The World Is Not Taking the Houthis Seriously Enough

By Ari Heistein, Jason M. Brodsky

Of all the actors that have taken the world stage since October 7, the Houthis are surely the most surprising. Where did they come from and what do they want?

Of all the actors that have taken the world stage in the months since October 7, the Houthis are surely the most surprising. Formerly an obscure Yemeni militia, they have emerged a highly armed and motivated member of Iran’s Axis of Resistance, putting to shame more famous yet recently more passive partners like Hizballah. Claiming to defend Gaza, the Houthis have effectively halted shipping in the Red Sea, and regularly release videos daring the world to stop them. Many in America, at least, are taking their claims at their word. This is a deep mistake. The Houthis are in fact motivated much more by their own local necessities and regional ambitions than they are by the wellbeing of civilians—or of their Hamas allies—in Gaza. It is therefore far too simplistic to suggest that the Houthis will halt their attacks if Israel and Hamas agree to a ceasefire. The truth of the matter is that, unless countered, their domestic ambitions, coupled with Iran’s broader goals, will make the Houthis a force to be reckoned with in the region irrespective of the Palestinian situation.
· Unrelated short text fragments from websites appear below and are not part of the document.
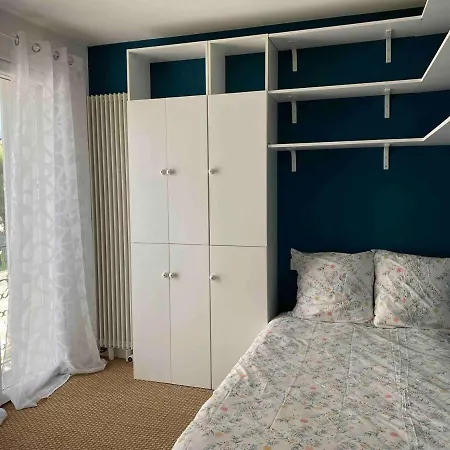 La Jarnacaise Apartment *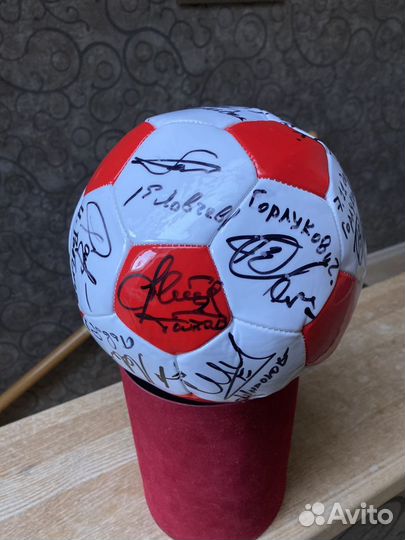 Футбольный мяч чм 2018 с автографами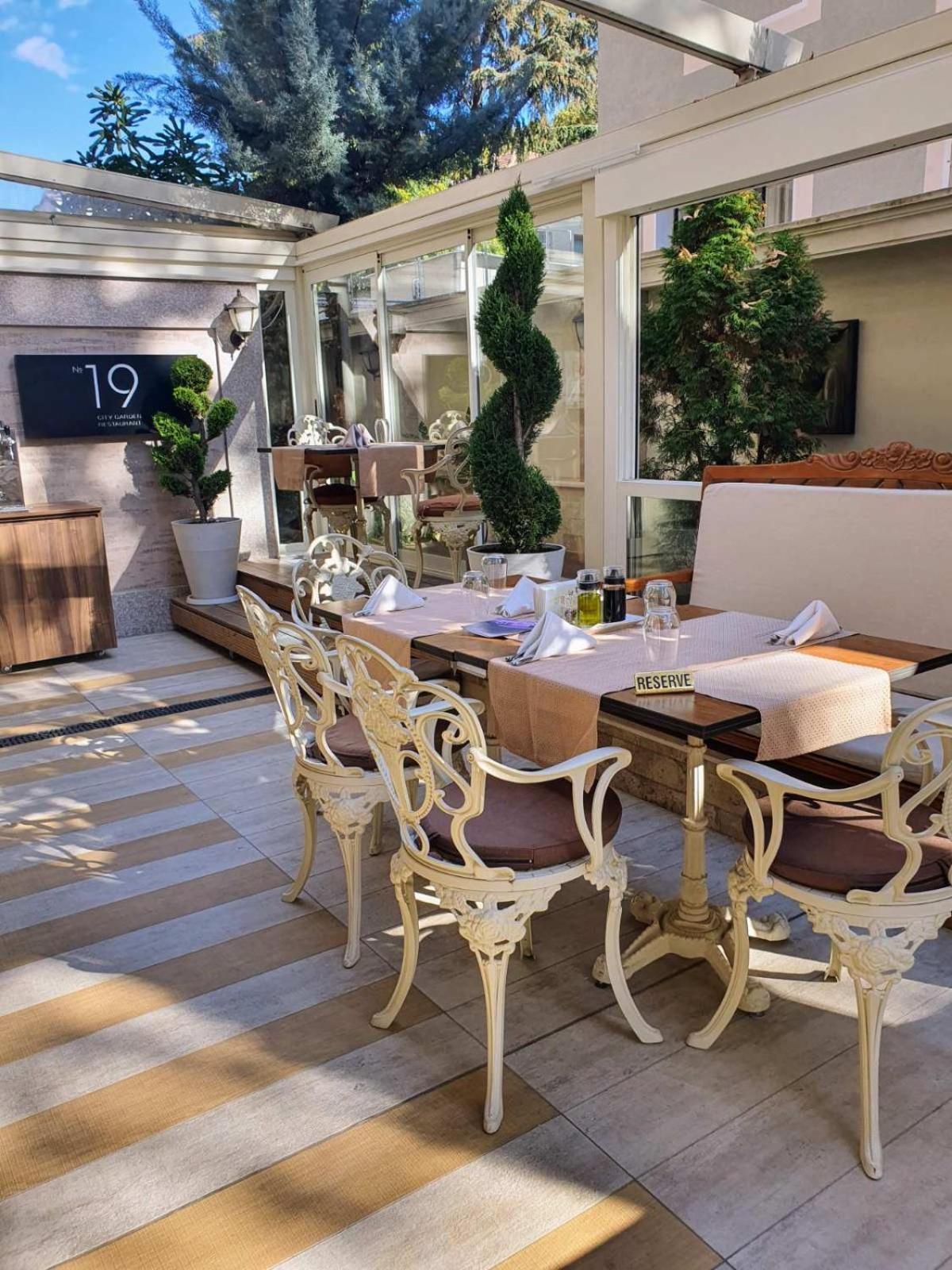 Residence City Garden - Certificate Of Excellence Top 10 Best Five-Stars City Hotels For 2024 Awarded By Htif Plovdiv Luaran gambar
To grasp that reality properly, it helps to get a sense of who the Houthis are and how they have gotten here, for they did not simply emerge fully formed in the last year.
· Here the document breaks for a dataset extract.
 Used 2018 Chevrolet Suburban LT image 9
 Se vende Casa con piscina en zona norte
The Houthis are a political-religious movement from northern Yemen that began as a 1980s youth movement called the Believing Youth, or al-Shabab al-Mu’minin. Since its founding by Husayn Bader al-Din al-Houthi, a Shiite scholar and activist from the North Yemeni backwater of Saada, the group has re-invented itself numerous times: from a youth movement to a political party known as al-Haqq in the 1990s, from a political party to a guerrilla organization in the early 2000s, and then from a guerrilla organization to a proto-state in the 2010s. During that time, the leadership of the organization was passed from Husayn to his father Bader al-Din al-Houthi after Husayn’s 2004 assassination by the Yemeni military, and then from Bader al-Din to Husayn’s brother Abdelmalik Bader al-Din al-Houthi, who remains in control of the group today. While the group calls itself Ansar Allah, because of this dynastic leadership it is usually referred to by local opponents and the outside world as the Houthis.